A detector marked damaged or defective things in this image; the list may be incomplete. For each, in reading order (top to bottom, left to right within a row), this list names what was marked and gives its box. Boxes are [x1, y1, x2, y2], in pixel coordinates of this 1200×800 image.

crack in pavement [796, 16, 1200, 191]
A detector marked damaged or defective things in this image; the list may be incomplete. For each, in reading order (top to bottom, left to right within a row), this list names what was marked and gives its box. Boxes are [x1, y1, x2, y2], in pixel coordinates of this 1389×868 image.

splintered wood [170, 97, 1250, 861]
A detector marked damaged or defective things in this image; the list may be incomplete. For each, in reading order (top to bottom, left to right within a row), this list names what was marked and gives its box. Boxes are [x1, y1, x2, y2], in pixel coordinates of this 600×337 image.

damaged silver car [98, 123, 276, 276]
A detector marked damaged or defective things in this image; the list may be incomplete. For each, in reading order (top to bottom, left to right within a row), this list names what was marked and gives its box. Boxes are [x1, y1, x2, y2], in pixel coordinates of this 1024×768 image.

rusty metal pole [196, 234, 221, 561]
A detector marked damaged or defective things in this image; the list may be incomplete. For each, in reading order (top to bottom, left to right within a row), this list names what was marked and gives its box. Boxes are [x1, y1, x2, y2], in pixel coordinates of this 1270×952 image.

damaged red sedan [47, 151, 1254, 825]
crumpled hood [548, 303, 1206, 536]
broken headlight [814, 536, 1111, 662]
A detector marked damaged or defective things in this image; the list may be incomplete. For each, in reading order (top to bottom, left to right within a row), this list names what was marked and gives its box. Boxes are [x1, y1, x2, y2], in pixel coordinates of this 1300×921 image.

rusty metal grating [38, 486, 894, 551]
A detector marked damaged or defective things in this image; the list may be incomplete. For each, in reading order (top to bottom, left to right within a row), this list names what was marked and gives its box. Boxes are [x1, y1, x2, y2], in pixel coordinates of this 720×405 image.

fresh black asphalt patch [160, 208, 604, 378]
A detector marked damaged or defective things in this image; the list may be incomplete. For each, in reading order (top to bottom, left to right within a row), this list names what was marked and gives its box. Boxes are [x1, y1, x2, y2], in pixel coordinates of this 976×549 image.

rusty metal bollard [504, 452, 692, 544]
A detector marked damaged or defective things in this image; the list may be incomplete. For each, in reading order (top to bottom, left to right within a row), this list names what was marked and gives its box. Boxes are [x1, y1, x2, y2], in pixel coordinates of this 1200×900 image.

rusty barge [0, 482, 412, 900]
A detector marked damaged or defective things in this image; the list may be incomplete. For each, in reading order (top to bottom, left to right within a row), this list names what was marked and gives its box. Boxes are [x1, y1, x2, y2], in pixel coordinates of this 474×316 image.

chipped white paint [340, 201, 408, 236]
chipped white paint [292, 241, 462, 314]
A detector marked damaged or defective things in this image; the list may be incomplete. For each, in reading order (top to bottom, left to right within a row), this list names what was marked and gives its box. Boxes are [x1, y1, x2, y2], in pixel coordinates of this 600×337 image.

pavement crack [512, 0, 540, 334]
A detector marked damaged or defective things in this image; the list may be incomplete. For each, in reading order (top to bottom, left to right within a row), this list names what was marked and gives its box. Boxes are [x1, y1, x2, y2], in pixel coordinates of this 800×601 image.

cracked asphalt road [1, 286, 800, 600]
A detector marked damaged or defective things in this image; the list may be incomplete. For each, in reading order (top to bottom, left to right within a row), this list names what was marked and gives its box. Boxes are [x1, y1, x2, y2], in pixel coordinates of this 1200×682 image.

## [DIRECTIONS FOR THIS TASK]
Each record above needs to be set down again, word for word.

## [YOUR SOLUTION]
A detector marked damaged or defective things in this image; the list may be incomplete. For each, in reading order (top to bottom, left to right within a row), this list names what was marked and gives its box. Boxes are [x1, y1, x2, y2], in pixel coordinates of this 1200×800 image.

crack in pavement [796, 16, 1200, 191]
A detector marked damaged or defective things in this image; the list may be incomplete. For each, in reading order (top to bottom, left to right within a row), this list names what was marked and gives its box. Boxes are [x1, y1, x2, y2], in pixel coordinates of this 1389×868 image.

splintered wood [170, 97, 1250, 861]
A detector marked damaged or defective things in this image; the list may be incomplete. For each, in reading order (top to bottom, left to right within a row), this list names what was marked and gives its box. Boxes are [x1, y1, x2, y2], in pixel coordinates of this 600×337 image.

damaged silver car [98, 123, 276, 276]
A detector marked damaged or defective things in this image; the list may be incomplete. For each, in reading order (top to bottom, left to right within a row), this list names what was marked and gives its box. Boxes are [x1, y1, x2, y2], in pixel coordinates of this 1024×768 image.

rusty metal pole [196, 234, 221, 561]
A detector marked damaged or defective things in this image; the list may be incomplete. For each, in reading order (top to bottom, left to right within a row), this list names what was marked and gives its box. Boxes are [x1, y1, x2, y2], in pixel coordinates of this 1270×952 image.

damaged red sedan [47, 151, 1254, 825]
crumpled hood [548, 303, 1206, 536]
broken headlight [814, 536, 1111, 662]
A detector marked damaged or defective things in this image; the list may be incomplete. For each, in reading order (top to bottom, left to right within a row), this list names what was marked and gives its box. Boxes are [x1, y1, x2, y2], in pixel coordinates of this 1300×921 image.

rusty metal grating [38, 486, 894, 551]
A detector marked damaged or defective things in this image; the list may be incomplete. For each, in reading order (top to bottom, left to right within a row), this list names what was marked and gives its box. Boxes are [x1, y1, x2, y2], in pixel coordinates of this 720×405 image.

fresh black asphalt patch [160, 208, 604, 378]
A detector marked damaged or defective things in this image; the list may be incomplete. For each, in reading order (top to bottom, left to right within a row), this list names what was marked and gives its box. Boxes are [x1, y1, x2, y2], in pixel coordinates of this 976×549 image.

rusty metal bollard [504, 452, 692, 544]
A detector marked damaged or defective things in this image; the list may be incomplete. For each, in reading order (top to bottom, left to right within a row), this list names what was marked and gives its box. Boxes are [x1, y1, x2, y2], in pixel coordinates of this 1200×900 image.

rusty barge [0, 482, 412, 900]
A detector marked damaged or defective things in this image; the list may be incomplete. For each, in reading order (top to bottom, left to right within a row), this list names what was marked and gives its box. Boxes are [x1, y1, x2, y2], in pixel coordinates of this 474×316 image.

chipped white paint [340, 201, 408, 236]
chipped white paint [292, 241, 462, 314]
A detector marked damaged or defective things in this image; the list may be incomplete. For each, in reading order (top to bottom, left to right within a row), this list names what was marked and gives its box. Boxes are [x1, y1, x2, y2], in pixel coordinates of this 600×337 image.

pavement crack [512, 0, 540, 334]
A detector marked damaged or defective things in this image; the list may be incomplete. For each, in reading order (top to bottom, left to right within a row), this list names what was marked and gives its box. Boxes are [x1, y1, x2, y2], in pixel coordinates of this 800×601 image.

cracked asphalt road [1, 286, 800, 600]
A detector marked damaged or defective things in this image; the list may be incomplete. For each, in reading order (top to bottom, left to right within a row), this list names what was marked and gives its box. Boxes are [x1, y1, x2, y2], in pixel coordinates of this 1200×682 image.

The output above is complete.